Tujuanku ke sini siang ini selain mencari makan siang juga aku ingin melakukan shalat di Masjid Kampung Keling, salah satu masjid tertua di Melaka dan Malaysia. Tak sulit menemukan masjid ini karena papan petunjuk tersedia di hampir setiap sudut jalan. Yang menarik adalah posisi dan letak masjid ini. Terletak di Jalan Tukang Emas, masjid ini dikelilingi oleh masyarakat Tionghoa. Di samping kiri, kanan, depan dan belakang masjid semuanya orang Tionghoa. Uniknya lagi, tak jauh dari masjid terdapat
Kuil Pooyatha Moorthi untuk ibadah umat Hindu dan
Klenteng Cheng Hoon Teng untuk ibadah Tionghoa. Hanya berjarak beberapa bangunan saja dan semuanya sudah berusia ratusan tahun. Tidakkah kalian melihat betapa indahnya kerukunan dan toleransi umat beragama di kota ini sejak jaman dulu, sobat Indonesia?
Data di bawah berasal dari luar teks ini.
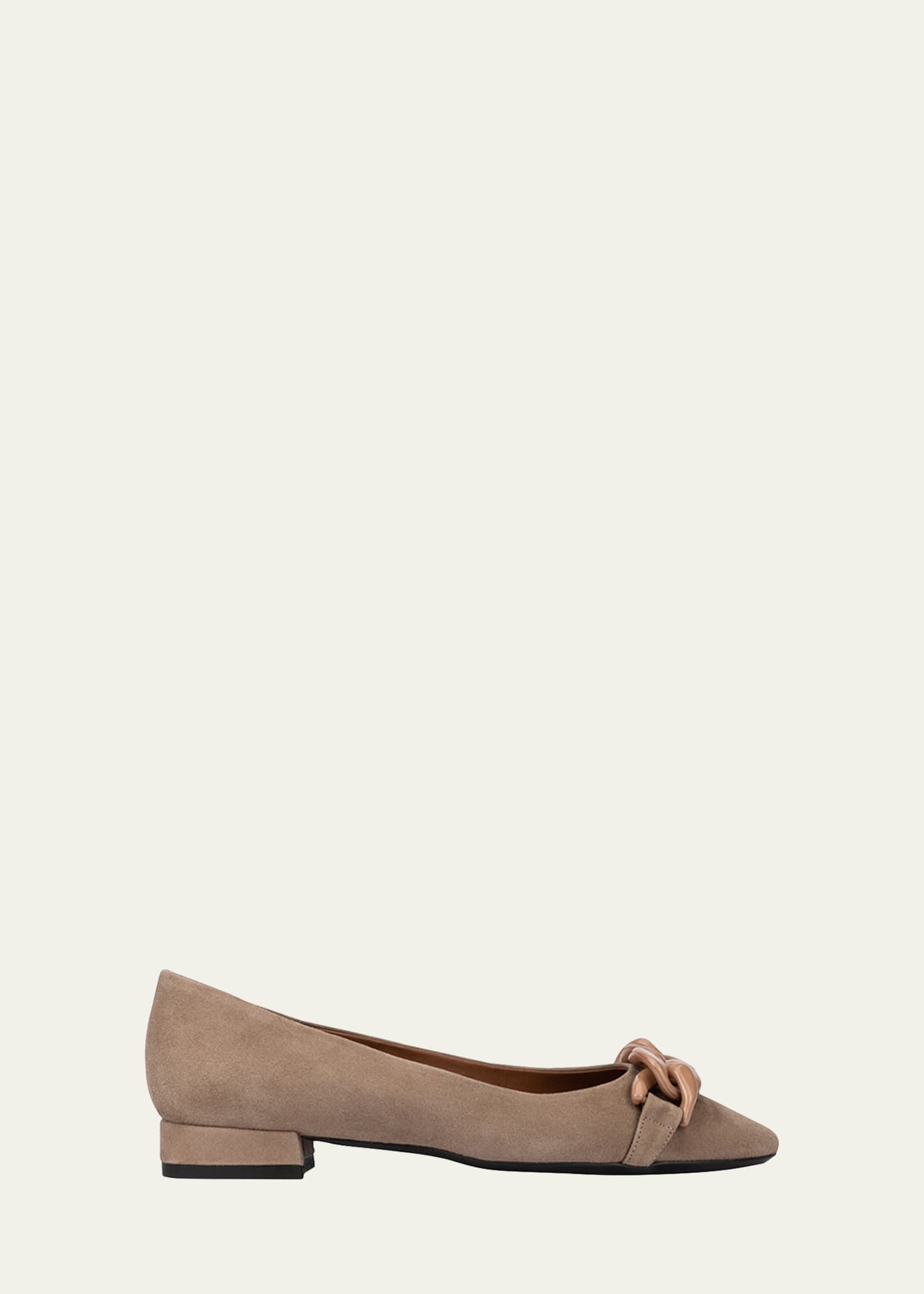 Aquatalia Palina Suede Chain Ballerina Flats In Taupe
Masjid Kampung Keling yang awalnya sebuah masjid dari kayu di bangun di tahun 1748 oleh kaum muslim pedagang dari India. Di tahun 1872, masjid dibangun kembali dengan menggunakan batu bata dengan tidak mengubah bentuk aslinya. Uniknya, menara masjid ini berbentuk pagoda dn cungkup/atapnya berbentuk atap rumah joglo. Marmer di dalam masjid yang saat ini sudah ditutupi karpet tebal didatangkan dari China sementara lampu-lampu dan beberapa ornament kaca berasal dari Inggris di era Ratu Victoria.
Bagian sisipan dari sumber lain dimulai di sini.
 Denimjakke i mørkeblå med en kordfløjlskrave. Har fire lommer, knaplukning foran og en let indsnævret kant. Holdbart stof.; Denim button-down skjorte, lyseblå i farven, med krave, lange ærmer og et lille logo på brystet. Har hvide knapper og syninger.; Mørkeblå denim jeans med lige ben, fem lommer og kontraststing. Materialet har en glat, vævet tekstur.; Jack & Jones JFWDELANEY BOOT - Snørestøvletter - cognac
Usai mengambil air wudhu di dekat sebuah kolam kecil, tampak beberapa turis asing (bule) berada di dalam halaman masjid. Tak aneh karena masjid ini adalah bagian dari World Heritage, warisan dunia. Terlihat olehku seorang turis bule yang berada di teras masjid yang biasa digunakan untuk shalat karena tertutup karpet. Aku melihat turis itu masih mengenakan sepatu sementara sudah tertera tulisan pertanda ‘No Shoes’. Aku segera mendekati dan menegurnya, “
Sorry sir, no shoes please!” Sang bule mengucap “
ups, sorry” dan segera turun dari masjid.
Aku melangkah masuk ke dalam masjid. Interiornya yang masih dibiarkan sama dengan aslinya yang dibangun ratusan tahun lalu kembali membuatku terkagum-kagum. Sepintas masjid ini mengingatkanku akan Masjid Agung Demak dimana terdapat 4 tiang utama yang menyanggah masjid. Yang membedakan adalah jika di dalam Masjid Agung Demak pengunjung dilarang mengambil foto tapi di sini tak ada aturan itu.. Setiap tempat punya aturan masing-masing dan kita sebagai pengunjung harus menghargainya… Aku segera shalat dalam hembusan angin yang masuk dari 3 pintu yang dibiarkan terbuka.
Usai shalat aku kembali berjalan-jalan menyusuri jalan-jalan dan lorong-lorong di kawasan
Jonker Street. Lukisan
street art di beberapa tembok rumah warga menghiasi lorong-lorong di kawasan itu. Jalan dan lorong yang bersih berhias gambar dan lukisan warna-warni sungguh membuat hati terasa tenteram dan betah berlama-lama. Namun rasa lapar memaksaku harus bergegas menuju sebuah café yang tadi aku lewati di pinggir sungai menjadi pilihanku untuk makan siang menjelang sore. Aku masih akan berjalan-jalan setelahnya tapi aku akan ceritakan lain kali yak…
Masih banyak hal menarik yang akan aku ceritakan di sini diantaranya uniknya dunia gemerlap (dugem) dengan suguhan dentuman musik dan lampu warna-warni menghiasi malam minggu di kota warisan dunia ini, Melaka…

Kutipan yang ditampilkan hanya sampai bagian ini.